Model konseptual Roy berisi 4 elemen yaitu manusia,
lingkungan, kesehatan, dan keperawatan. Manusia dipandang
sebagai sitem adaptasi kehidupan yang perilakunya dapat
diklasifikasikan menjadi respon yang adaptif atau respon yang
inefektif. Lingkungan terdiri stimulus internal dan eksternal.

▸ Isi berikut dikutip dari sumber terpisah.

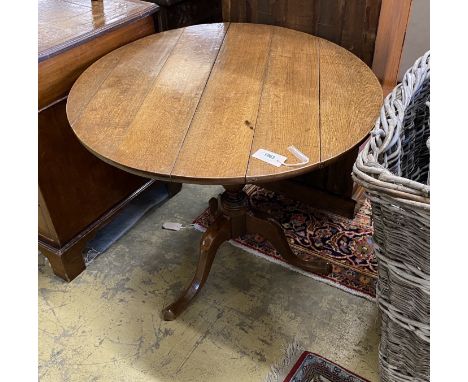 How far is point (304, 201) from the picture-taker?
6.11 ft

Kesehatan adalah proses menjadi terintegrasi dan dapat mencapai
tujuan untuk hidup, pertumbuhan, reproduksi, penguasaan. Tujuan
keperawatan adalah meningkatkan respon adaptasi yang
berhubungan dengan adaptasi mode, menggunakan informasi
tentang tingkat adaptasi manusia dan stimulus fokal, kontekstual,
dan residual.
Setelah penulis melakukan analisis SWOT pada konseptual
calista Roy, penulis menyimpulkan bahwa konseptual ini dapat
digunakan di Indonesia dengan mempertahankan keuntungan,
memanfaatkan kesempatan, memperbaiki kelemahan serta
menekan ancaman yang ada.
http://abimuhlis.blogspot.com/2007/05/model-adaptasi-roy.html
3.2 SARAN
Dalam penerapan asuhan keperawatan, ada baiknya apabila
penulis mencari teori model keperawatan menurut beberapa tokoh
keperawatan, selain menurut tokoh yang sudah dipelajari. Dari
kegiatan tersebut, diharapkan akan banyak informasi yang dapat
diserap oleh perawat dan dapat membantu dalam pengaplikasian
teori model keperawatan tersebut.
DAFTAR PUSTAKA
Salbiah. 2006. Teori Model Calista Roy. http://www.psik-fkusu.ac.id.
Diakses tanggal 1 Desember 2009. Jam 10.20.
Potter & Perry. 2005. Fundamental keperawatan (volume 1). Jakarta: EGC
Friedman, Marylin M. 2002. Keperawatan Keluarga (edisi 3).
Jakarta: EGC
Setiawati, dkk. 2008. Asuhan Keperawatan Keluarga.Tim Jakarta
Murwani, Arita. 2008. Pengantar Konsep Dasar keperawatan.
Jakarta. TIM 2008
Maya, Fitra. 2008. Tim Pengajar keperawatan komunitas. Jakarta: TIM
2008
Mubarakat, Wahit Iqbal. 2008. Pengantar Keperawatan Komunitas.